This was my own pick for my book club and it took me far longer to get through that it should have. The concept is great – at the core of three battling religions (Judaism, Christianity and Islam) there is some commonality and it is embodied in the form of this guy, Abraham. So dude goes on a quest to find the ways that each religion understands (and uses) him and asks himself whether through sharing this guy, three religions might find some things to agree upon.
I’m going with “No”. Because you know what these religions really have in common? They manipulate the language of the ancient stories for whatever purpose suits them on any given day.
Feiler does a fine job through his travels in the Middle East of finding expert theologians to walk him through the importance of Abraham to their faiths. He also notes that people see in religious texts whatever they want to see, and find things that prove their points, rather than really searching for meaning.
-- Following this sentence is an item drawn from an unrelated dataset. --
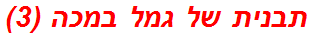 תבנית של גמל במכה (3)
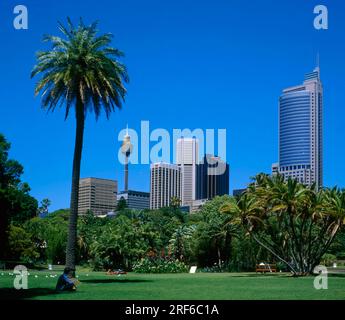 Australien, NSW, Sydney, Downtown mit Sydney Tower, AMP Tower, Botanischer Garten Stockfoto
The same might be said of my reading his book.
Toward the end, as he is really trying to answer the “is there hope?” question, he makes an observation. (Maybe someone else said it and he recorded it.) The Catholic Church didn’t start to soften its stance on freakin’ anything until Vatican II. Part of the driver of Vatican II was the American Catholics – more liberal, more prosperous, more willing to speak up. The theory is that these things came about because the American Catholics we raised in a stable political environment that through its lack of (official) association with any given faith was more open to others. Perhaps if those political institutions can take root in the Middle East, there will be some hope.
I’m not sure I will see it in my lifetime.